Harry wore a cotton undershirt—the kind kids called wife beaters—and thin cotton boxer undershorts. Once the worst of the winter passed, she hated to wrap up in a robe.

"I don't remember. God, I must have been tired. I read your note on the blackboard, drank a tonic water, and sat down toread the newspaper." He watched the cream swirl in his coffee. "How's it going at Coop's?"

"She was smart. She unpacked the kitchen first. Since that's the worst job, anything after that is easy. I've got to remember to bring some flowers, something to make it like home." She rose, grabbed a little notebook on the counter under the phone, and scribbled "flowers" on the page. "Can you think of a good housewarming gift?"

"Does she have a coffee grinder?"

"No. Perfect." Triumphantly, she wrote, "Coffee grinder."

"See how smart I am?"

"I know. You married me." She demolished her omelette. "Horse okay?"

"Yeah. He'll make it. I'd hoped we could haul him down to Virginia Tech, but I don't think he would have made it; he was losing blood. We put down plastic tarps, clean, tranqed him, and he dropped on the tarp. Operated there. I don't know if he'll ever hunt again, but he might be able to amble on trails. He just shredded his suspensory, deep lacerations in his right shoulder. Had to stitch that up, but it's the suspensorythat's the real issue." He cited a ligament in the foreleg.

"Mandy will give him good care, and she'll never part with him." Harry named the owner, a kind woman in her fifties.

"All comes down to the owner."

"I've been thinking about Jed."

"Cuts make you think of him? He's finally happy. He's made friends at BoomBoom's with the other horses."

"Actually, I've been thinking about Jed ever since I talked to Coop yesterday, and then as we were organizing the house we talked some more."

"I'll bet." Fair grinned, then rose to pour more coffee. "Want more hot water for your tea?"

"No thanks."

"Well, what about Jed?"

"He was sound."

"Right."

"Why did Toby call you there?"

"I thought we talked about this."

"We did, sort of, and you mentioned that when you had that impromptu lunch with Arch and Bo that Arch thought Toby had lost his mind."

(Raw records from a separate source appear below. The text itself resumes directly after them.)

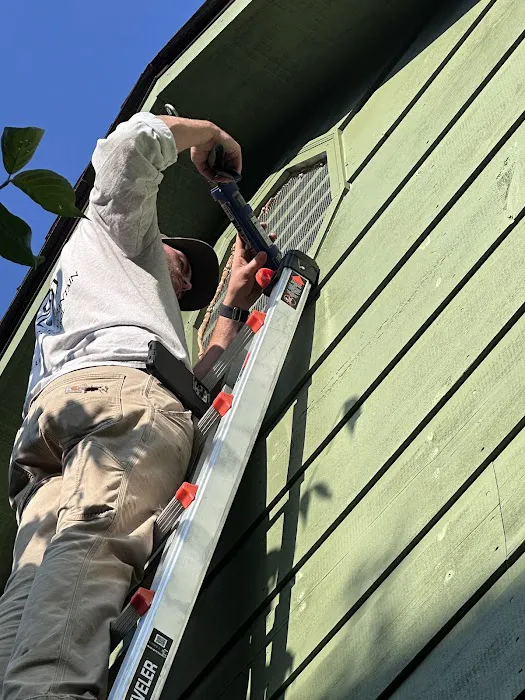 Blue Ridge Mountain Pest Control Picture 5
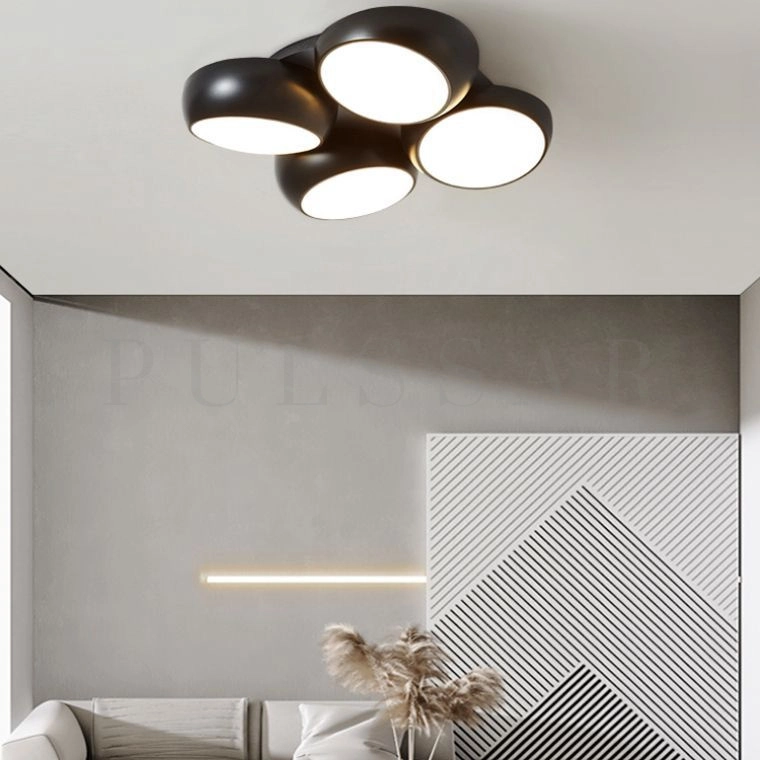 Потолочный светильник DAGA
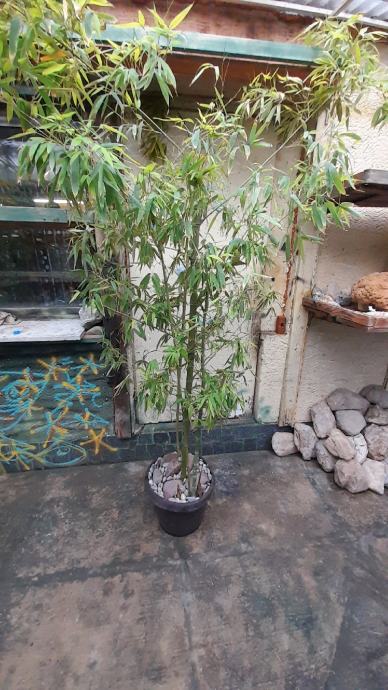 Bambus u tegli visina 190 cm,širina 140 cm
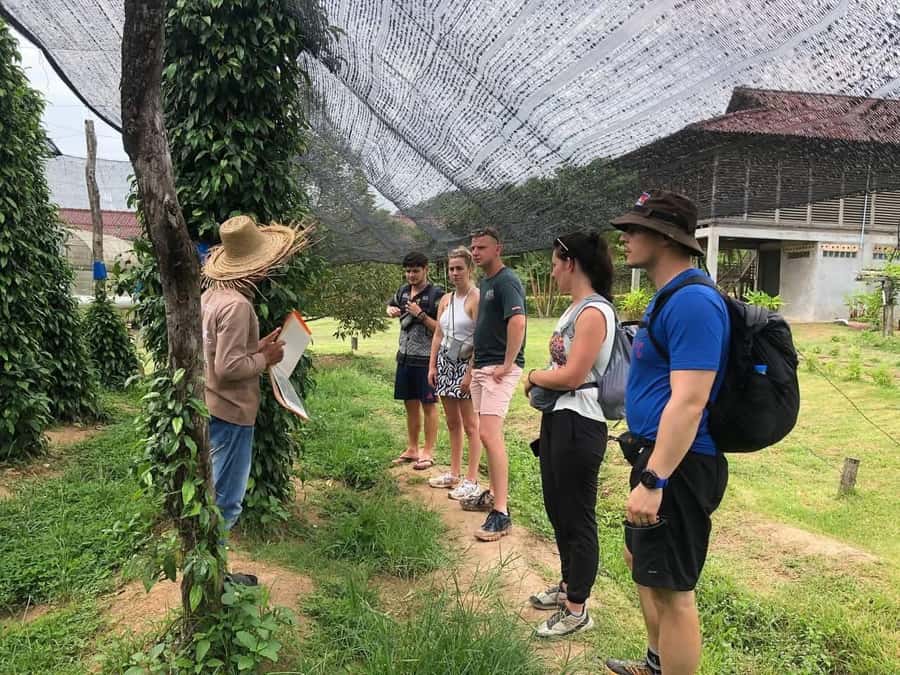 Kampot Private Tour: Pepper Farm, Salt Field & Secret Lake - Who This Tour Fits Best (and Who Should Skip It)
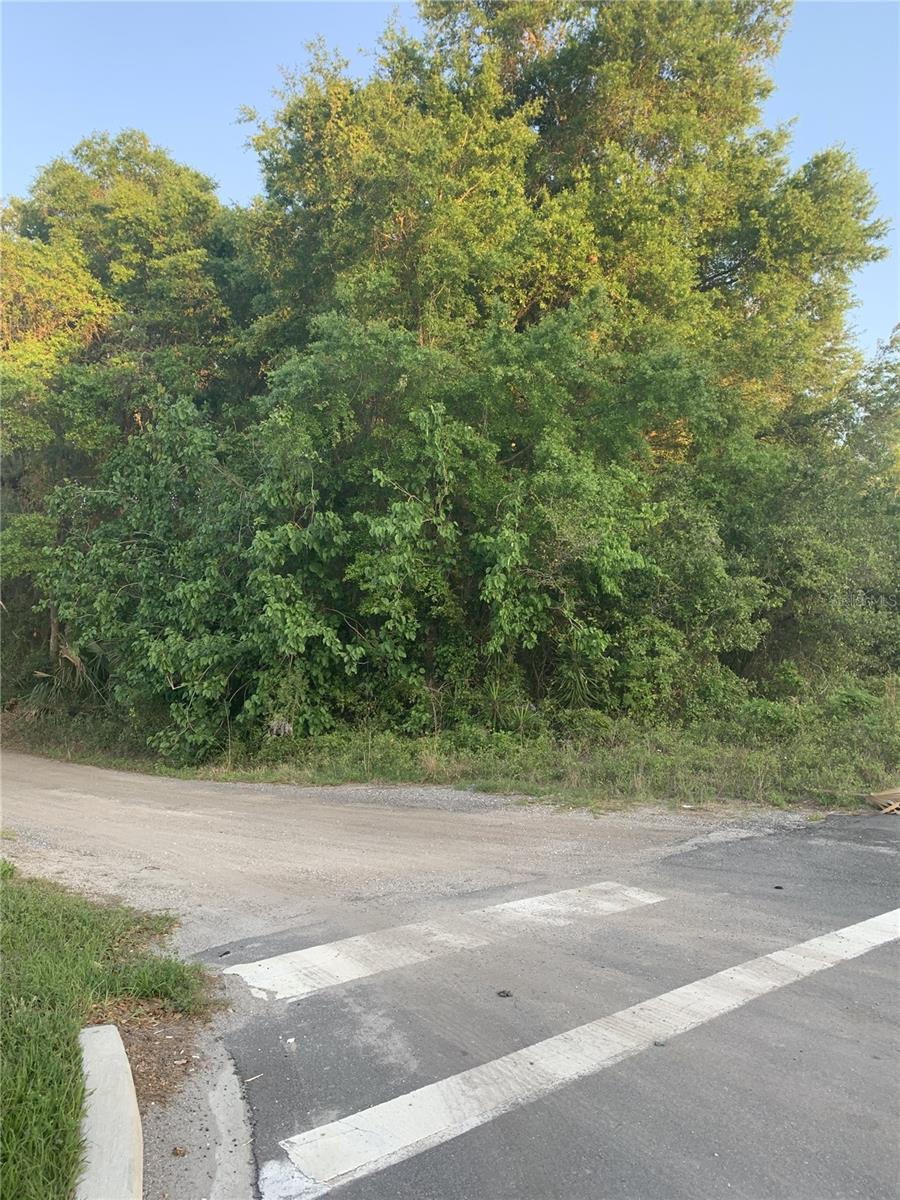 Image 5 of 18 For 18111 Us Hwy 301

"Right. You said when you saw Toby at Alicia's he was irrational," Fair replied.

"He was. Alicia, Arch, and myself were witness to it. He wasn't a pretty picture. But Coop says that there is a slight question mark about Hy's suicide. The coroner sent the photos to Richmond."

"What does that have to do with Toby?"

"Just this: what if you were set up to look like Toby's killer? What if Hy really told the truth? He didn't kill Toby. He panicked when he saw the body and fled. One of those things—the killer has it all planned out and something unexpected happens. Pretty much life, isn't it? One unexpected thing after another."

"True." Holding his coffee cup in his hands, Fair thought. "Why me? I can't think of anyone that mad at me."

"I can't, either."

"And I don't have anything to do with vineyards. I figure that's the tie, the vineyards."

"I have a quarter of an acre."

"You do, but that's not my business. I'll put my back into it, but no one will ever accuse me of being a vintner."